● **Given records**
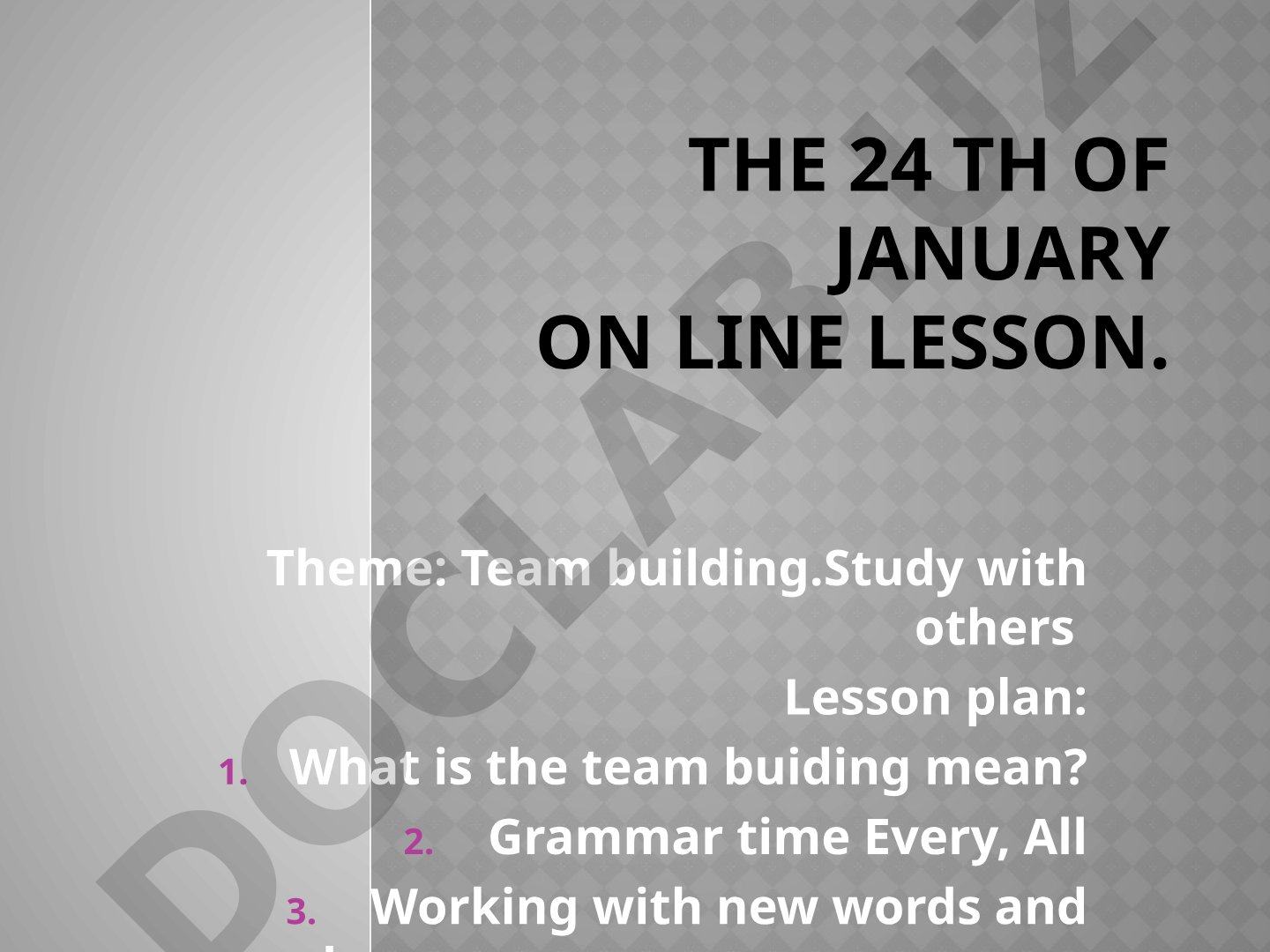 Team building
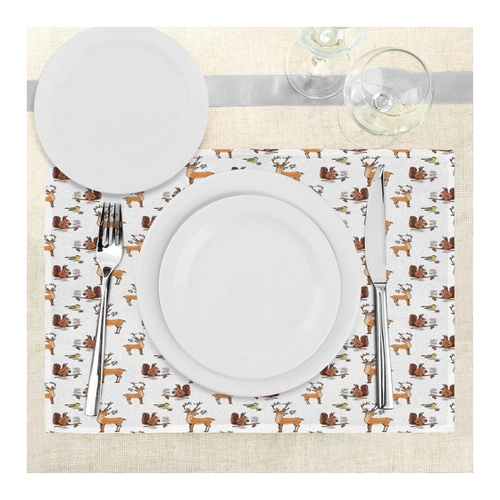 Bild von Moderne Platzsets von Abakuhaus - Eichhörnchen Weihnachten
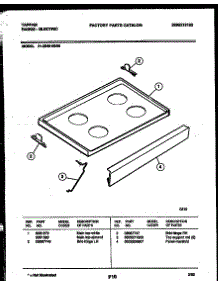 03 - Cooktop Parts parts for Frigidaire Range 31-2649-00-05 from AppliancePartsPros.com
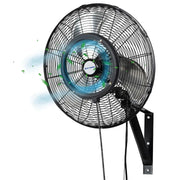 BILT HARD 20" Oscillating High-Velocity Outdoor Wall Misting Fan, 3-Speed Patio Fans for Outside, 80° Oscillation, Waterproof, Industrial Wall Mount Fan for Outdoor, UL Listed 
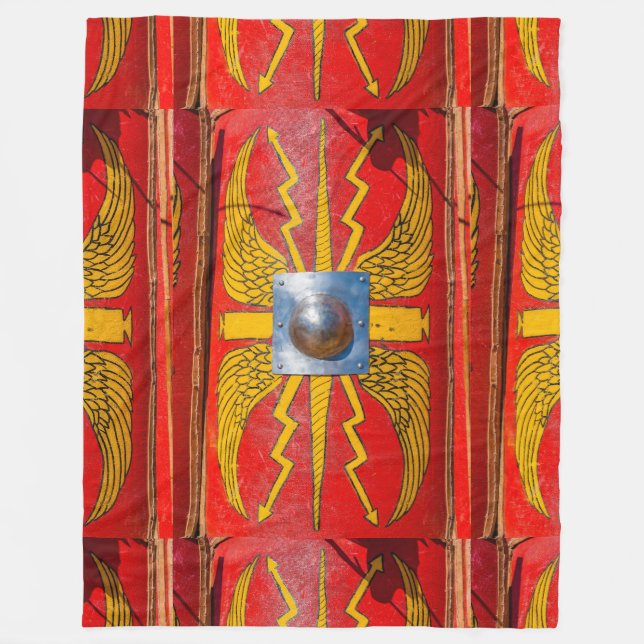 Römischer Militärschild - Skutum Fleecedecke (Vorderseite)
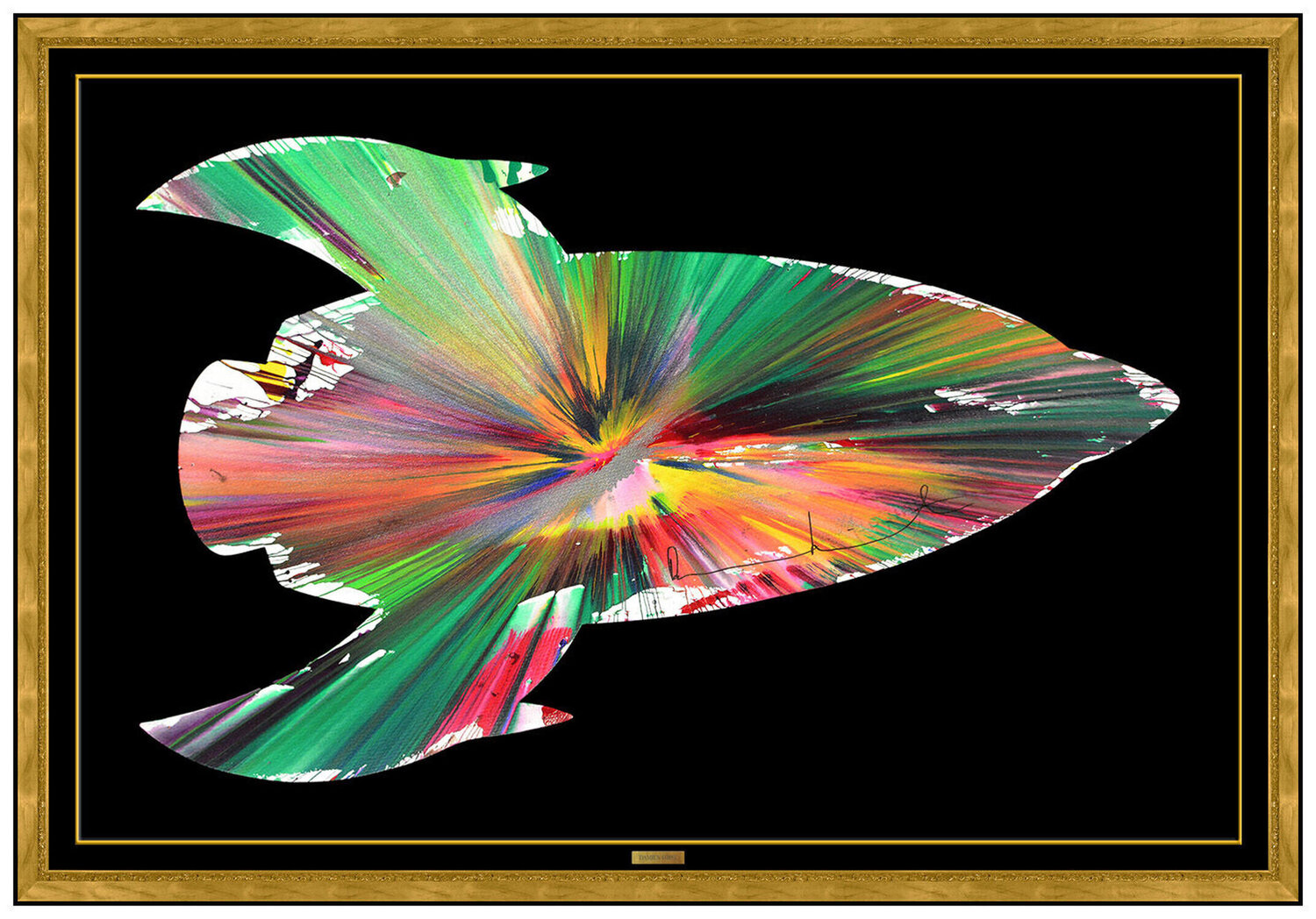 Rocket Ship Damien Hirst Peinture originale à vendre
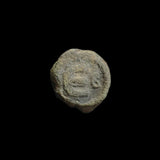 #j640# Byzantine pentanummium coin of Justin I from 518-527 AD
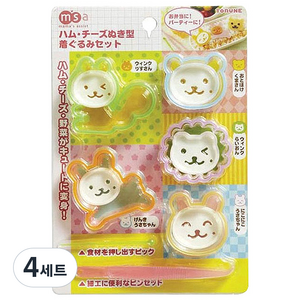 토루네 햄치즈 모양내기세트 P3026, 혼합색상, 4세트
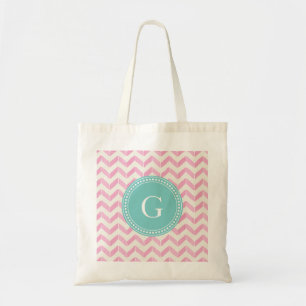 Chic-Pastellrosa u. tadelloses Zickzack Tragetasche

--

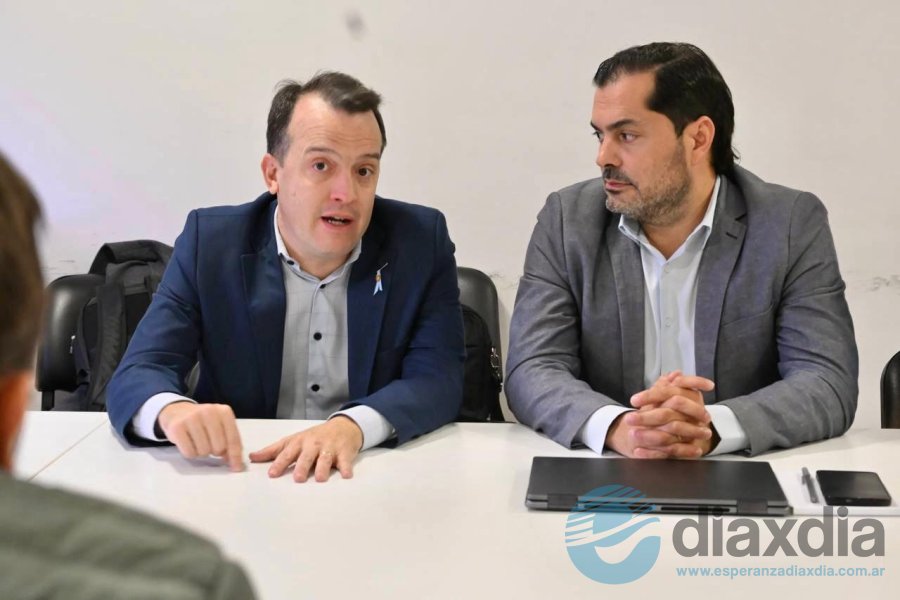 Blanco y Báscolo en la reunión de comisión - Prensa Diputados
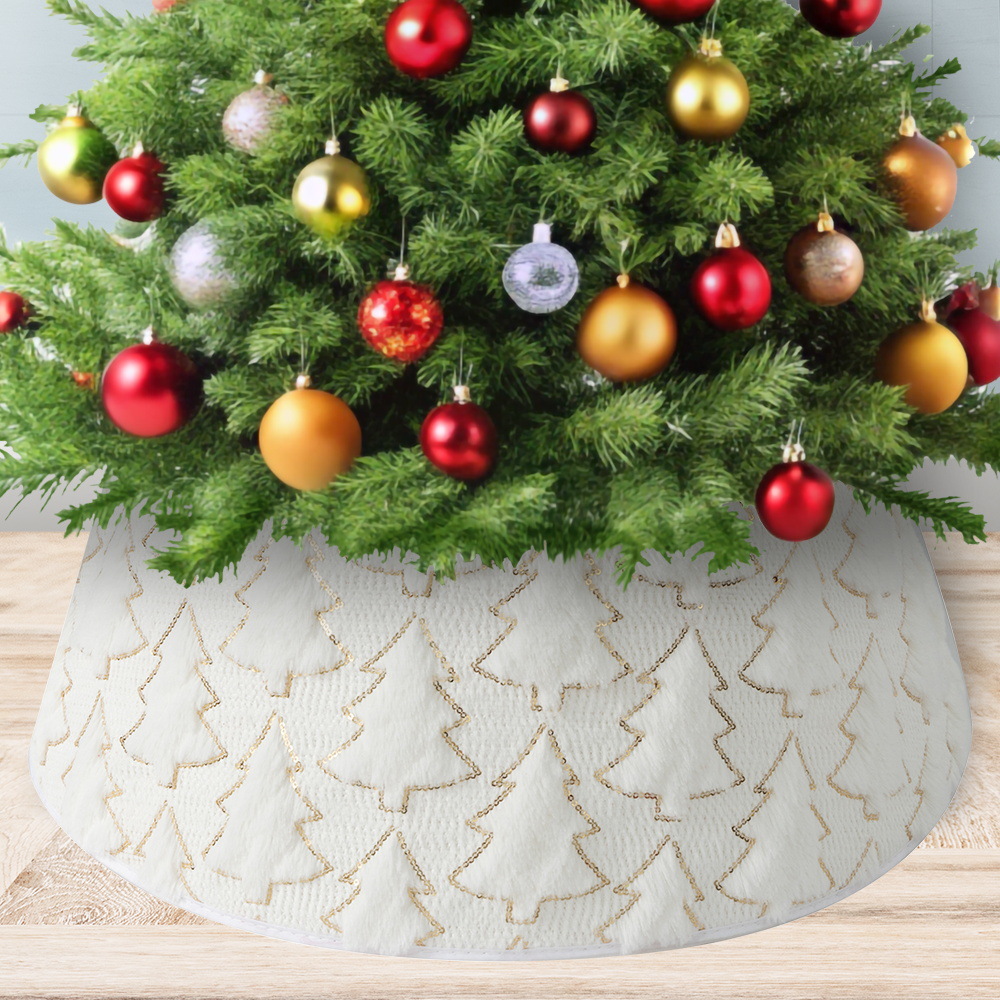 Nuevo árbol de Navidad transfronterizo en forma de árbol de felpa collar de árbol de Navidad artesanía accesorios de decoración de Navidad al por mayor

● **Task to carry out**
Beginning with the line that contains "Outdoor, UL Listed", write out the lines of the material above exactly, and end with the line that contains "Römischer Militärschild - Skutum". Omit the pictures.

● **Written answer**
 BILT HARD 20" Oscillating High-Velocity Outdoor Wall Misting Fan, 3-Speed Patio Fans for Outside, 80° Oscillation, Waterproof, Industrial Wall Mount Fan for Outdoor, UL Listed 
 Römischer Militärschild - Skutum Fleecedecke (Vorderseite)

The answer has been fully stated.